DESCRIPTION OF THE PREFERRED EMBODIMENTS

[0044] Technical terms used in this specification are used to describe only specific embodiments, and it is to be noted that the terms are not intended to limit the present invention. Furthermore, the technical terms used in this specification should be interpreted as having meanings that are commonly understood by a person having ordinary skill in the art to which the present invention pertains, unless specifically defined in this specification, and should not be interpreted as having excessively comprehensive meanings or excessively narrow meanings. Furthermore, if the technical terms used in this specification are erroneous technical terms that do not accurately represent the spirit of the present invention, they should be replaced with technical terms that may be correctly understood by a person having ordinary skill in the art.
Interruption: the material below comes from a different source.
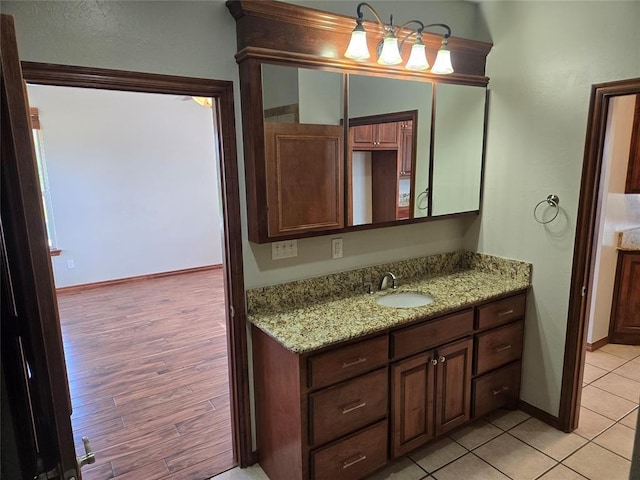 bathroom with vanity and hardwood / wood-style flooring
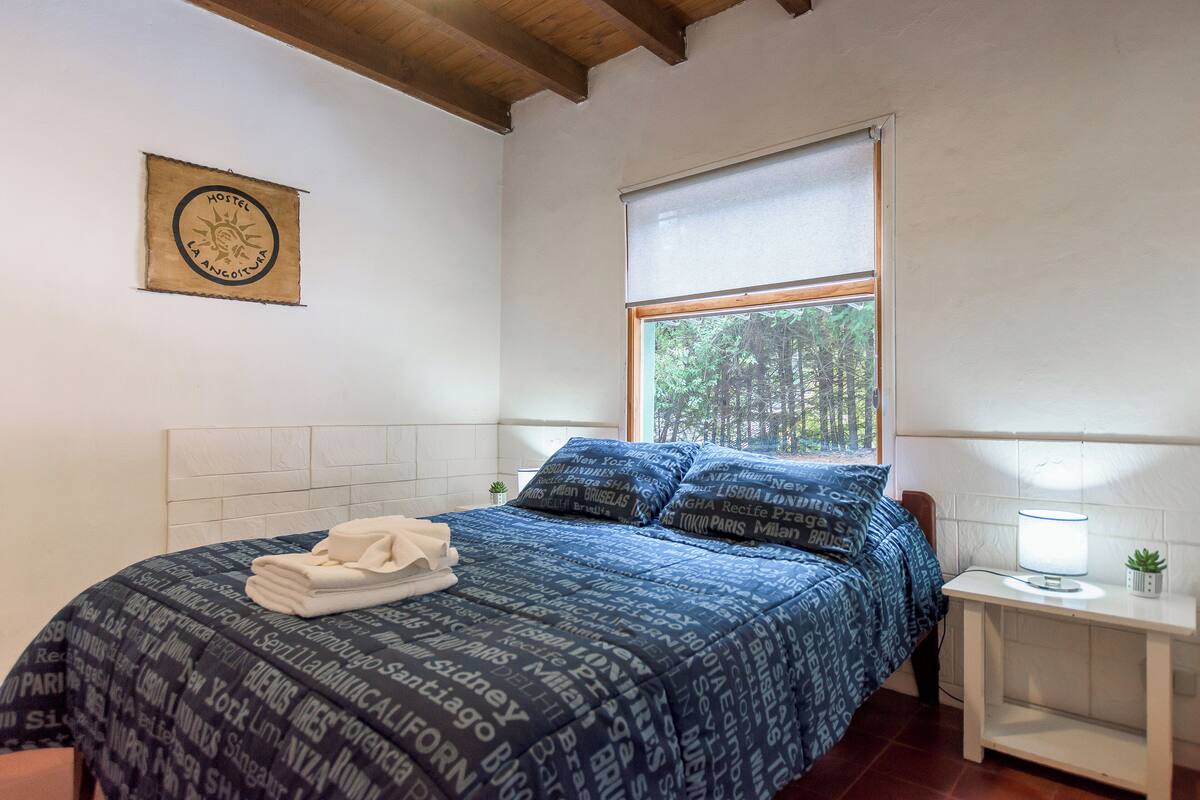 A neatly made bed with a blue patterned bedspread, a small bedside table with a lamp, and a window with a view of trees.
Furthermore, common terms used in the present invention should be interpreted in accordance with the definitions of dictionaries or in accordance with the context, and should not be interpreted as having excessively narrow meanings.

[0045] Furthermore, an expression of the singular number used in this specification includes an expression of the plural number unless clearly defined otherwise by the context. In this application, terms such as "comprise" and "include" should not be interpreted as essentially including all of several elements or several steps described in the specification, but should be broadly interpreted as potentially not including some of the elements or steps or as including additional element or steps.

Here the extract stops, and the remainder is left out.